Microsoft Earnings Jump on Pandemic-Driven Cloud, Videogame Demand – Wall Street Journal, 1/27/2021
- Microsoft posted record quarterly sales underpinned by pandemic-fueled demand for videogames and accelerated adoption of its cloud-computing services during the health crisis.
- The software giant said its fiscal second-quarter net income rose more than 30% to $15.5 billion.
- Sales advanced 17% to $43.1 billion.
- Those figures beat Wall Street’s expectation of net income of $12.6 billion and sales of $40.2 billion, according to FactSet.
- Azure sales increased 50% in the most quarter ended Dec. 31, compared with a 48% rise for the prior three-month period.
- Xbox content and services revenue increased 40% in the latest quarter, aided by the November release of two new gaming consoles, Xbox Series X and S, to battle Sony’s PlayStation 5. Overall gaming revenue was up 51%.
- Microsoft said revenue in the business segment that includes videogame and laptop activities rose to $15.1 billion, topping even the $14.6 billion its cloud-segment delivered.
- Microsoft saw continued strength in its Surface laptop business, with revenue rising 3% as the work-from-home period drags on. The increase, though, didn’t match the supercharged 37% sales gain in the prior quarter.
- Microsoft said even its advertising business, one of the few segments that lagged early in the pandemic, is showing signs of recovery. Search advertising revenue in the most recent quarter advanced 2% after suffering double-digit declines in the prior two periods.
Boeing to delay 777X again as it posts record annual loss – Reuters, 1/27/2021
- Boeing took a hefty $6.5 billion charge on its all-new 777X jetliner as it posted a record annual loss on Wednesday due to the coronavirus pandemic and the aftermath of a two-year safety crisis over its 737 MAX.
- Revenue fell 15% to $15.30 billion in the quarter.
- Boeing unveiled $8.3 billion in operating charges on Wednesday, including a $468 million charge for abnormal 737 production costs, $275 million over KC-46 aerial refueling tanker production issues, and $744 million linked to its 737 MAX settlement with the U.S. Department of Justice over a fraud conspiracy charge.

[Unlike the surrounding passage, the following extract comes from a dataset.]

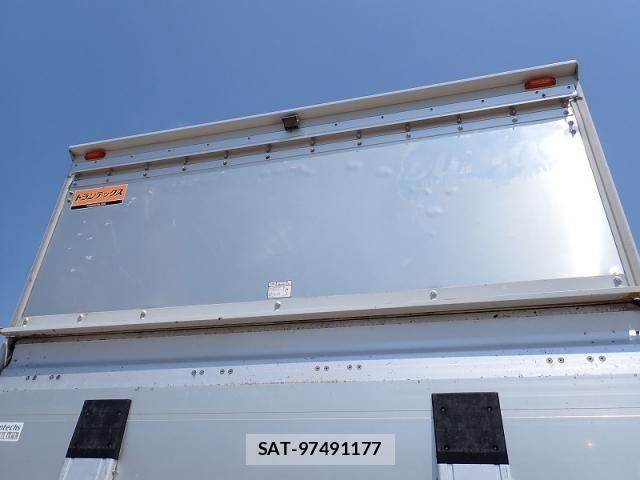 Hino RANGER 2018-01 7980784-25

- Boeing said it now expects the 777X, a larger version of the 777 mini-jumbo, to enter service by late 2023, delaying the jet’s entry for the third time, due to tougher certification requirements after the 737 MAX safety crisis and plummeting demand.

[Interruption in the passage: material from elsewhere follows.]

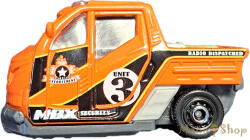 Mattel - Meter Made "orange" (csomagolás hiányzik) (MB978)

- The company’s net loss rose to $8.44 billion in the fourth quarter ended Dec. 31, from $1.01 billion a year earlier, taking its full-year loss to a record $11.94 billion.

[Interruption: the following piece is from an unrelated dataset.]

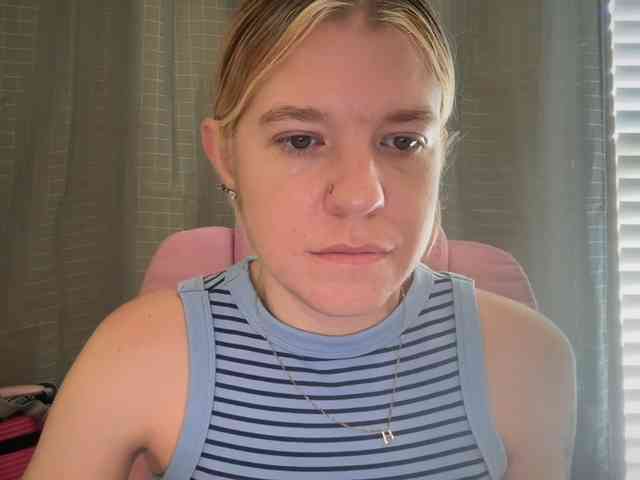 AmericnBarbie webcam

- Boeing reaffirmed plans to hit a sharply-reduced production rate of 5 787s per month in March, when it will consolidate production at its South Carolina factory, a decision first reported by Reuters.
- Boeing, which has delivered some 40 737 MAXs from its stored inventory, is also sticking with plans to reach a production rate of 31 737 jets per month by the beginning of 2022, though at least one analyst expects that to slip to early 2023.
AMD sees strong 2021 on data center, gaming chips demand
- Advanced Micro Devices on Tuesday beat quarterly revenue estimates and forecast robust 2021 sales on strong demand for its chips used in PCs, data centers and gaming consoles from companies and customers adapting to remote working.
- AMD’s fourth-quarter revenue rose to $3.24 billion, beating analysts’ estimate of $3.03 billion, according to IBES data from Refinitiv.
- Revenue in the computing and graphics unit, where it supplies processors and graphics chips for PCs, was $1.96 billion versus analysts’ estimates of $1.8 billion, according to data from FactSet.
- In the company’s enterprise and semi-custom segment, which includes data center processor chips and gaming console chips, revenue was $1.28 billion, compared with analysts’ estimates of $1.24 billion.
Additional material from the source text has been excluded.